----- The data

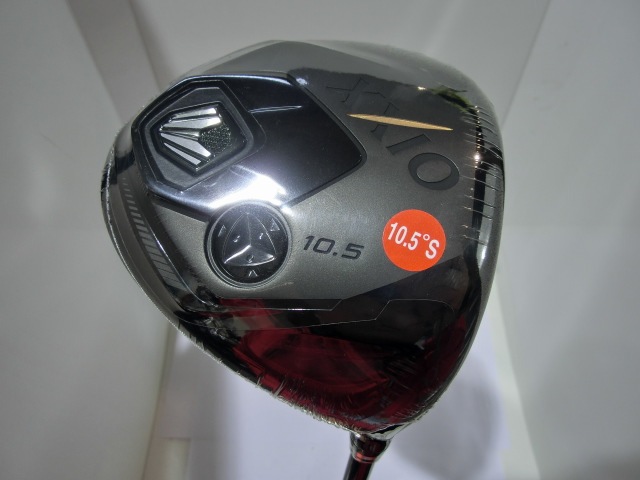 http://www.golfpartner.co.jp/587/CIMG0259.JPG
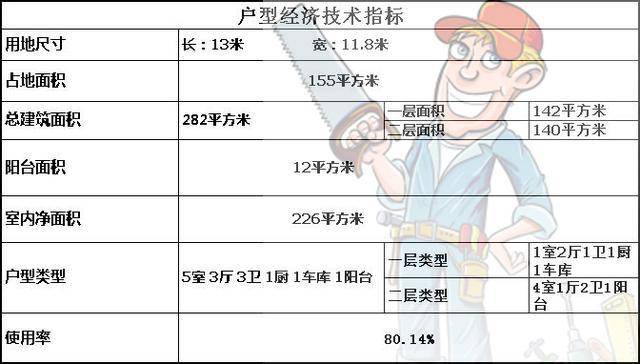 农村老人口多少合适_跳绳长度多少合适图解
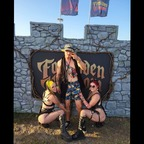 Onlyfans leak devilstriangle 

 picture 1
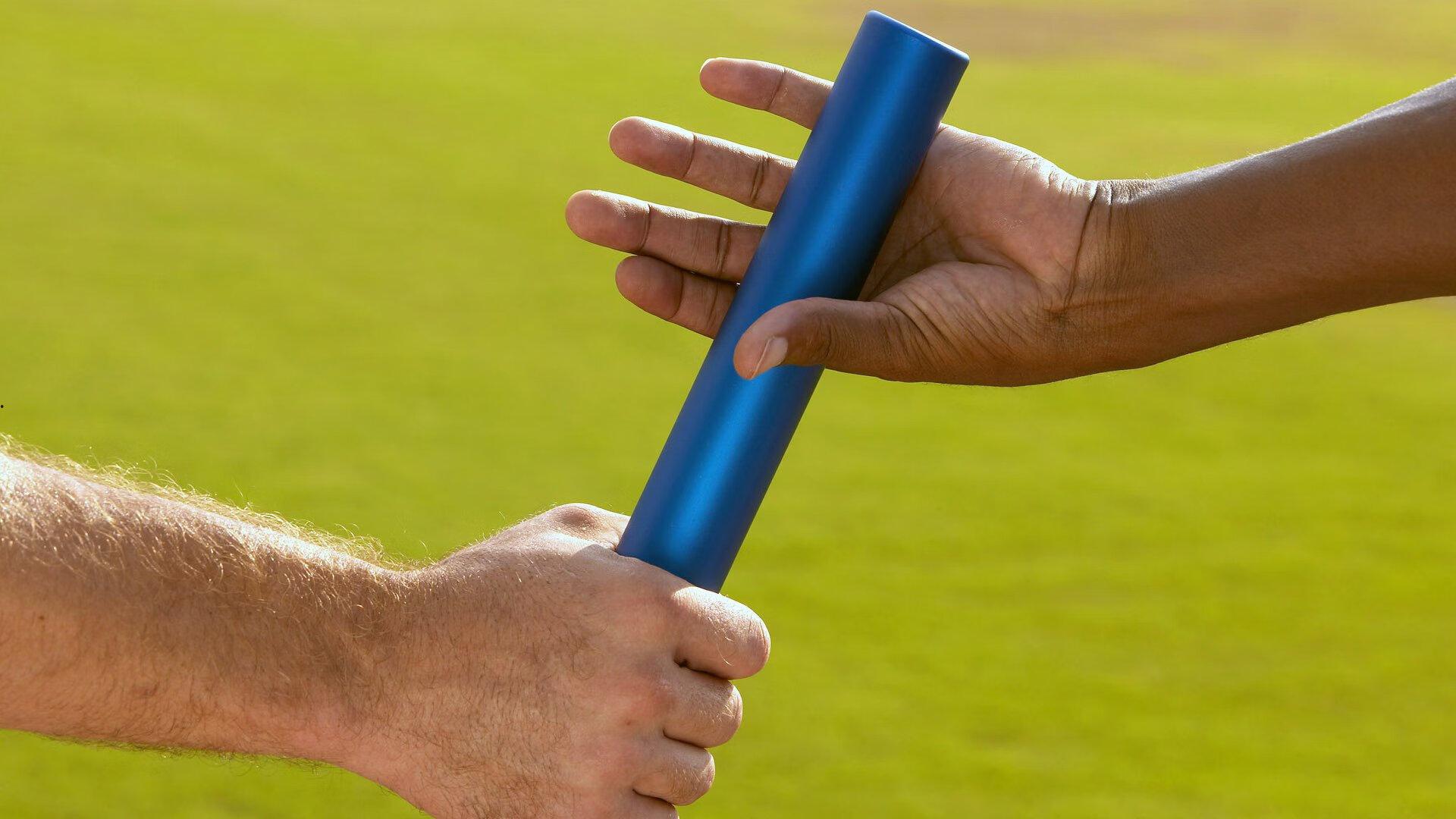 从低谷到巅峰,伤病康复背后的体育精神与科学突破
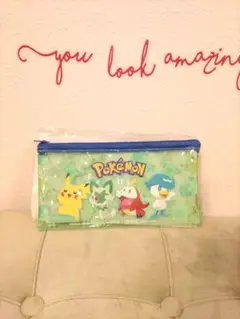 Item thumbnail for item 5d67648f-8e8b-4fe2-9a34-fa0e52aa4b7b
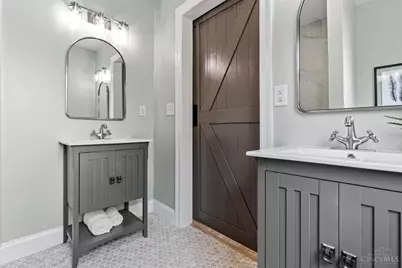 4150 Paddock Road, Cincinnati, OH 45229 - Photo 62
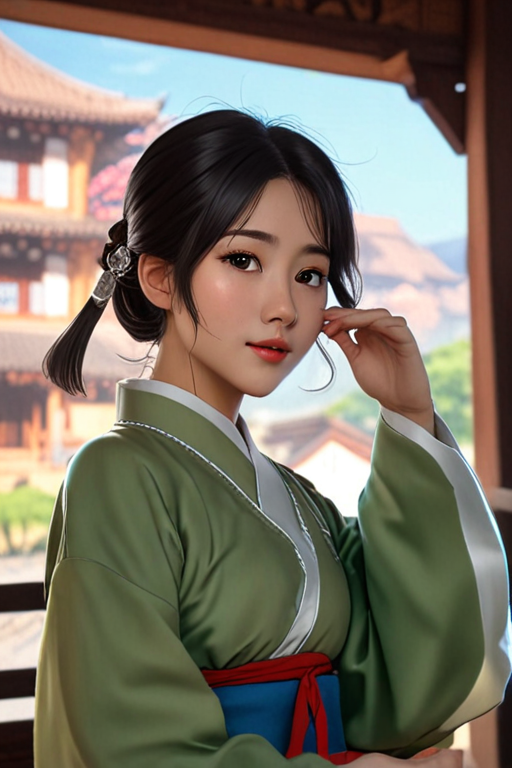 Kim Bài Sách Hồn Lệnh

----------

Directions for this task → Give back the material above exactly as it appears, minus the pictures.

Exercise solution →
 http://www.golfpartner.co.jp/587/CIMG0259.JPG
 农村老人口多少合适_跳绳长度多少合适图解
 Onlyfans leak devilstriangle 

 picture 1
 从低谷到巅峰,伤病康复背后的体育精神与科学突破
 Item thumbnail for item 5d67648f-8e8b-4fe2-9a34-fa0e52aa4b7b
 4150 Paddock Road, Cincinnati, OH 45229 - Photo 62
 Kim Bài Sách Hồn Lệnh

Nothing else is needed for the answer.